Wednesday, November 09, 2005

deeper understanding

apparently, france has asked canada for advice on how to make multicultural peace. they're having some trouble, in france, with what it measn to be 'french'. see, immigration happens when you need people in your country. canada made multiculturalism the 'thing to do' because we needed more people, fast, and shipping them in was the easiest. it was convenient, too, because there was no preexisting consensus on what it meant to be 'canadian'. it was very easy for trudeau to say that canada meant multiculturalism, because there were no other handy definitions to hold up in opposition. canada means multiculturalism; why not?

france has a difficult task. there are not enough french people anymore. they're "below replacement rate"; that means that they're not making enough babies. so, easy, ship in people from overseas, make them french too: instant population growth! sustained productivity! also, enough young people to sustain our elderly in their dotage. the french have had a definition for 'french' for ages, though, and it has never included their former colonies, for example. so now, the task is to redefine france to include all of these new people that have never been capital-F-French before. it's a fucking hard project. the benefit to having no agreed upon national identity is being able to avoid the horrible growing pains that we are seeing right now in france.

wait, further, we don't know what this experiment will lead to in canada! we should be waiting for a good hundred years before going into the cultural consulting business. we're only on the second generation of official multiculturalism now; all sorts of things could be lurking in our future. who knows what time bombs my generation has been planted with?
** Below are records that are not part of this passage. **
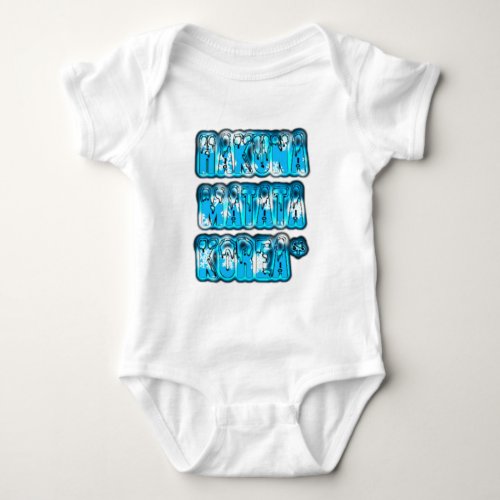 Blue stylish vintage Zombi  Design Hakuna Matata K Baby Bodysuit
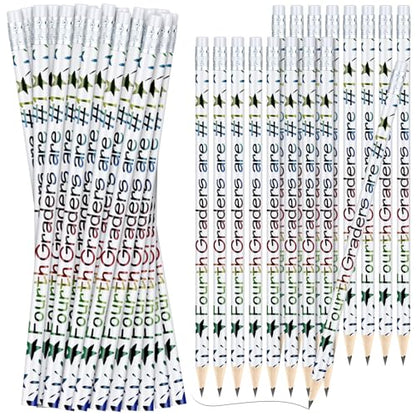 Tenceur 48 Pcs 4th Graders Pencils Bulk Motivational Pencils with Erasers Inspirational Pencil with Back to School Supplies for Kids Student Teacher Classroom Reward - style: 4th Graders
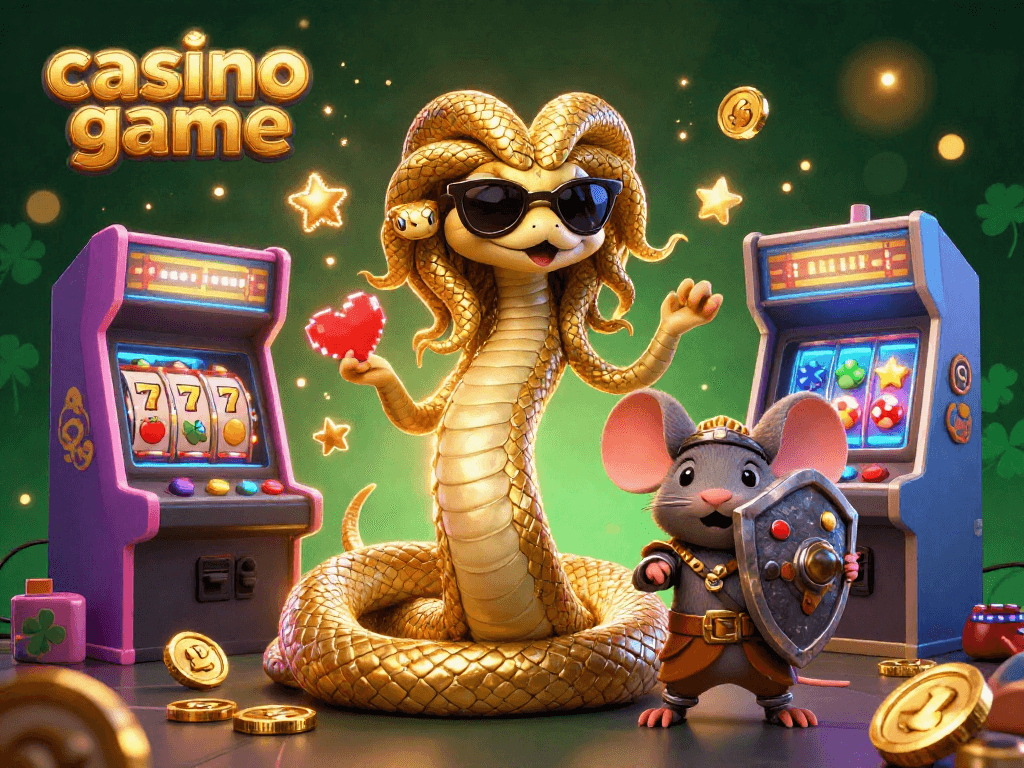 Engage with a vibrant casino game scene featuring Medusa, a warrior mouse, and arcade elements.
i'm hung up on the creation of national identity in part because we've been reading about louis riel again in class. the metis rebellion represents the first real roadblock to westward expansion in canada. louis riel fancied himself "the prophet of the new world", and studied theology. the dispute is often seen as a 'racial' dispute, but there are major threads of regionalism and class mixed in there too. the rebellion is often seen as a fight to preserve native traditions of stewardship and such, but the land system that the metis were initially protecting was the seignurial system, developed by french settlers along the banks of the st. lawrence:long strips of land, extending out from the river, so that everyone has a bit of riverfront property.
louis riel was hung as a traitor, convicted of treason: what does that mean? to be treasonous is to betray, implying that riel had already declared allegiance. allegiance to what?

wait, what do these words mean? i.e. it is one thing to say 'trans-inclusive', and it is another thing entirely to know why we say it. 'multiculturalism' and the associated racially diverse government advertising campaigns are the same.

i had a good three hour long conversation with a colleague today that i have never really talked to. it was a day full of self-actualization, personal worth from professional work. i do my job well, and it means a lot to me to have the respect of others who also do their jobs well. it's like the valley!